The industry knows group risk benefits are valuable, but does anyone else? The sector needs an image boost to thrive, says Peter Fenner.
The value of group risk benefits to individuals, companies and society is no secret to those of us within the sector, but outside it sometimes seems that it might as well be.
While the profile of pensions has benefited from the eternal public debate about what can or should be provided, to the extent that some groups are even ready to resort to industrial action to protect their pension rights, death and disability benefits go largely unnoticed.
But this is crazy. Not just because the actual benefit to those people in receipt of claim benefits is vast, but also because if group risk insurers and advisers want employers to provide these benefits, it should be clear where their value lies.

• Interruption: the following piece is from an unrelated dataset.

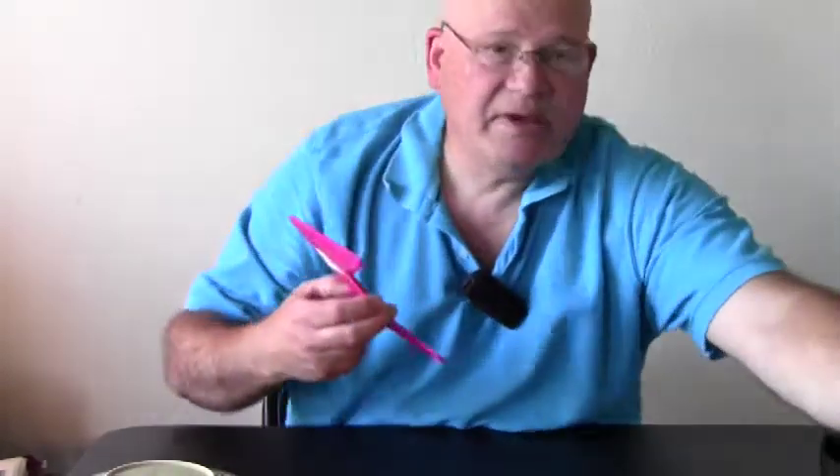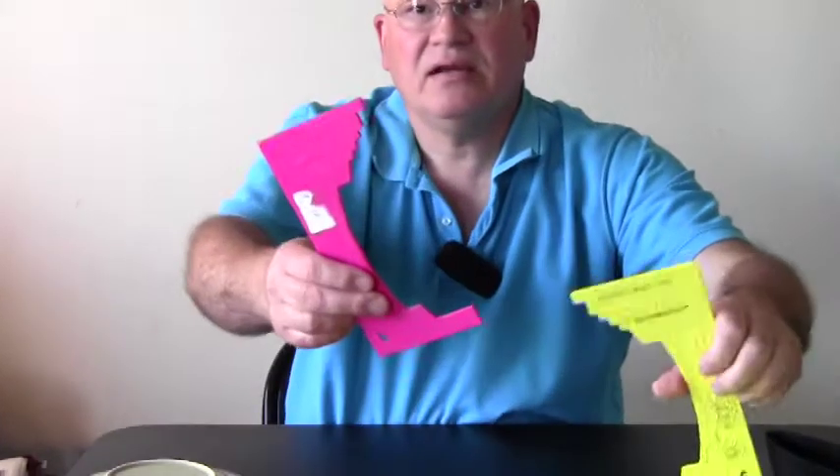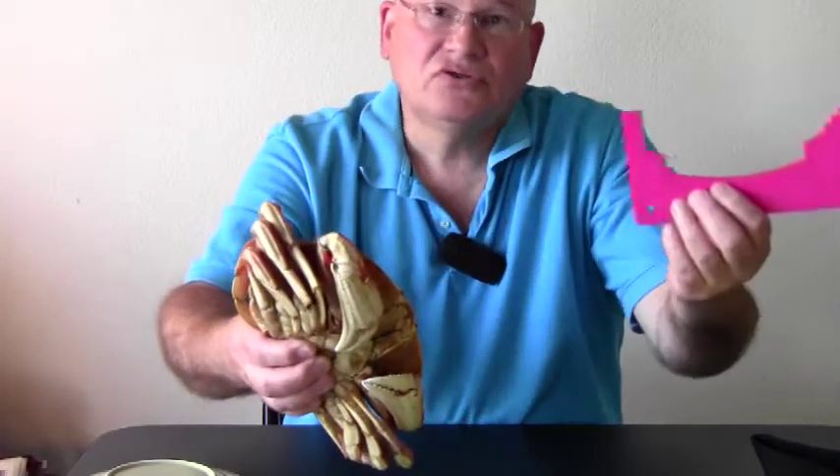On the side of the bag I always keep a crab gauge available so I can quickly check the size. That's another reason for working one-handed — you've got the crab here and you can be measuring with the other hand while it's trying to pinch you, and it just can't reach.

This argument has to be made at both micro and macro levels.
Taking the macro side first, group risk benefits are of value to society because they reduce the number of people suffering financial hardship and, therefore, who need to turn to the state for financial help.
How much is this worth to society? ‘A lot’ is one answer, but a terribly vague one. It would be much more useful and powerful to quote an actual figure. -Unfortunately, and to what should be our collective embarrassment, a figure is not readily available.

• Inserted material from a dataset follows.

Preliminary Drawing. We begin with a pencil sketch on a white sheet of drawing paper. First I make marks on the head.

Getting the message across
If looked for, there are some difficulties in arriving at a definitive figure. Some benefits are paid as lump sums, but others as installments of income, so perhaps the figure should include a capitalised equivalent of the income benefits.
This then begs the question: capitalised on what basis? Should benefits counting towards the figure also include those relating to claims that have been submitted, but where benefits have not yet been paid?
There are no doubt other niceties that could come into play, but none of them really matter. All that is really needed is a decent estimate, arrived at using a basis that is reasonably consistent and sensible. How about the actual amount flowing from insurance company bank accounts in respect of group risk claims and to how many people?
Surely Group Risk Development (Grid), the body representing the sector, could organise the gathering of the information from its members, and it would find the resulting figure useful in its work of promoting group risk and lobbying government on the industry’s behalf.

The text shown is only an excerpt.